Usually they are ok when tethered, they just need to be untangled occasionally. At one point I had 3 escape artists tethered around my pond 24 hours a day (I have a good guard dog). However, one day one of those goats got her feet tangled together next to the pond and fell in. It doesn't take that long for a goat to kill itself on a tether. 

I would advise if you tether your goats to keep an eye on them even if there is nothing to get themselves tangled on, because some goats really are stupid enough to get their own legs, their horns, even their necks tangled on their own leashes.


----------



## dancingbear (Mar 25, 2008)

Thanks, good info.
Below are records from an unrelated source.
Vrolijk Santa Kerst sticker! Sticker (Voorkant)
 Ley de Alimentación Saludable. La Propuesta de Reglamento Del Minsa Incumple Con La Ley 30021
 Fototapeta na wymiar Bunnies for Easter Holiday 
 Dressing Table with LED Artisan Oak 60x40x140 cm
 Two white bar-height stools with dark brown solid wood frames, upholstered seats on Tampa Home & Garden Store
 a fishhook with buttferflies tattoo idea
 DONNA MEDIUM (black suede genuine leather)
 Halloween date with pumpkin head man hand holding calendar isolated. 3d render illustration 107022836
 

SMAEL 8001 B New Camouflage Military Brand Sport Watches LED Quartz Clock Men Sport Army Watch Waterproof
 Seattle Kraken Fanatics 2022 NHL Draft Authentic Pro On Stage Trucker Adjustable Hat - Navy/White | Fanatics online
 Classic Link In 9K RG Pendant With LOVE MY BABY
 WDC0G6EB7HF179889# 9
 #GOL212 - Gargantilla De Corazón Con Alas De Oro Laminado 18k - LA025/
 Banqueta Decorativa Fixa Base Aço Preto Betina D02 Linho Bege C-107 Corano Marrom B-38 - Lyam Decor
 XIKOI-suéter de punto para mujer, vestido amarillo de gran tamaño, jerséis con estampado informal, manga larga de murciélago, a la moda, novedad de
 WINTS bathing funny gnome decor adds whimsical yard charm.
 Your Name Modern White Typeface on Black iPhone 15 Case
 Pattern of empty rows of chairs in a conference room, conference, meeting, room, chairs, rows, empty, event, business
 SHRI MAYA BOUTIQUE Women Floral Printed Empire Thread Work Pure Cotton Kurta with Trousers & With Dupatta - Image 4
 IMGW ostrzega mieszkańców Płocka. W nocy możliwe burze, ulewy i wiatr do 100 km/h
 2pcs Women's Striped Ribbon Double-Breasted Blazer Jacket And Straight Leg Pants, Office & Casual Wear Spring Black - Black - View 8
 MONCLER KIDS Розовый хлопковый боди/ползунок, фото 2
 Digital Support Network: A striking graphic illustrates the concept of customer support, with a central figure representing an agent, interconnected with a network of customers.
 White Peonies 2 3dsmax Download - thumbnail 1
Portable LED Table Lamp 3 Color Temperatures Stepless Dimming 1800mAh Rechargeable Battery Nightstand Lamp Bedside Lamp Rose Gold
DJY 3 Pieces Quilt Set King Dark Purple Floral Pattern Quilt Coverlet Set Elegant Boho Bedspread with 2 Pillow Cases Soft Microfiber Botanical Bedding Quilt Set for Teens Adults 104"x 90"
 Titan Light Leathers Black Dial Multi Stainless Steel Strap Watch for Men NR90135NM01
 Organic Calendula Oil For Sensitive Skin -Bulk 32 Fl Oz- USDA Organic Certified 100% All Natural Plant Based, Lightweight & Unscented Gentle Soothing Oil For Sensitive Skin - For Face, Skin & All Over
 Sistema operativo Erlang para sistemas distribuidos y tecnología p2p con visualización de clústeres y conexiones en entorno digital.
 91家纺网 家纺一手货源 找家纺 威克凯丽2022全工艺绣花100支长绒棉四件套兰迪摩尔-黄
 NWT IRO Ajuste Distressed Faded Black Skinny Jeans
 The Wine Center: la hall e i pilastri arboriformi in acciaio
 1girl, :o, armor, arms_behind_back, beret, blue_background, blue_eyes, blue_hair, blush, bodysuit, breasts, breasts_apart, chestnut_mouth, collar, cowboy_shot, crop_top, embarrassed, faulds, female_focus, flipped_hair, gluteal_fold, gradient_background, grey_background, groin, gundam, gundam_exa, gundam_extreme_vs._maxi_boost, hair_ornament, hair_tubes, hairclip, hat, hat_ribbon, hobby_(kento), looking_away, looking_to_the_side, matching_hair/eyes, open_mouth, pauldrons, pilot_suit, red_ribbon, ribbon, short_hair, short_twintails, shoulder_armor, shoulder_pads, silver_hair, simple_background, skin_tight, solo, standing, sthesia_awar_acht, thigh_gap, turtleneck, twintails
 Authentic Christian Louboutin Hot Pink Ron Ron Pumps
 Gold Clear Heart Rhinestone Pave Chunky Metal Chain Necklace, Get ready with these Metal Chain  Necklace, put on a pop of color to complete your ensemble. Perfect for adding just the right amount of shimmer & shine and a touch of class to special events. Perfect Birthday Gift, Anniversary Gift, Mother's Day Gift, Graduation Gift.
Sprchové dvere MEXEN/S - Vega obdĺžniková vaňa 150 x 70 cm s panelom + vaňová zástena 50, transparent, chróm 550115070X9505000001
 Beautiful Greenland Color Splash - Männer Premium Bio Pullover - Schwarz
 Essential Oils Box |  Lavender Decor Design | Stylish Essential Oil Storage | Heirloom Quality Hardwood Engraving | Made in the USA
After another conversation with my DH, we may wait awhile longer before trying to keep a goat. We have fencing issues to deal with first. 

But eventually I know I'll want to get a pair of goats. It's nice to have gotten so much helpful info, so I have a better idea about what I need to have in place before I get them.


----------



## RiverPines (Dec 12, 2006)

dancingbear said:


> Thanks, good info. After another conversation with my DH, we may wait awhile longer before trying to keep a goat. We have fencing issues to deal with first.
> 
> But eventually I know I'll want to get a pair of goats. It's nice to have gotten so much helpful info, so I have a better idea about what I need to have in place before I get them.


Glad you said a pair.
In your first post you said one or two. One isnt good as they need company. Herd animals can not be alone. It would be an awfully stressful existence.


----------



## dancingbear (Mar 25, 2008)

Yeah, I know that about herd animals, and I know they're not happy alone. I wouldn't want to do that. I was thinking if I had to start with one, I'd get a 2nd one as soon as possible.


----------



## buspete (Mar 7, 2005)

I used to cut the grass with a pair of nubians. They were twin sisters and had collars, so I ran a length of chain around a big wooden wire spool and attached each doe to an end. This was just during the day. The spool was more than they could drag around (they seldom work together) and I could more it around to cut different parts of the yard.

Never had a problem.

Of course, Bumper would get tangled in everything else (including the old head-in-a-bucket schtick), and her son Junior had a habit of getting his head stuck in the fence, but somehow they never got tangled when tethered


----------



## chewie (Jun 9, 2008)

i have tried tethering my milkers, and the old nub girl will eat like crazy, but my saanan stands there and cries if i leave! she does no eating hardly, and is very stressed. so i dont' bother with it, i just take an old bread knife, cut them a bucket of grass and put in their pen. no worries of dogs, dumped water, tangled leashes. i cut the grass where ever it needs it--garden along the walks, etc., so i'm getting 2 things done with one action. i only have 4 and 2 babies, so real easy to cut enough for them, along with their hay. more like a nice snack than their full diet.


----------



## LukeJ (Dec 2, 2017)

Hello,
If goats are herd animals and don't like to be alone, why cant one goat, say the most dominant one, be tethered, and the others let go free? Wont the goats want to stay near to the tethered goat?


----------



## Caprice Acres (Mar 6, 2005)

They are not as gregarious as sheep. If food and shelter and water is elsewhere, the herd will leave to find it. Even sheep would likely do the same. Food > one flock mate. 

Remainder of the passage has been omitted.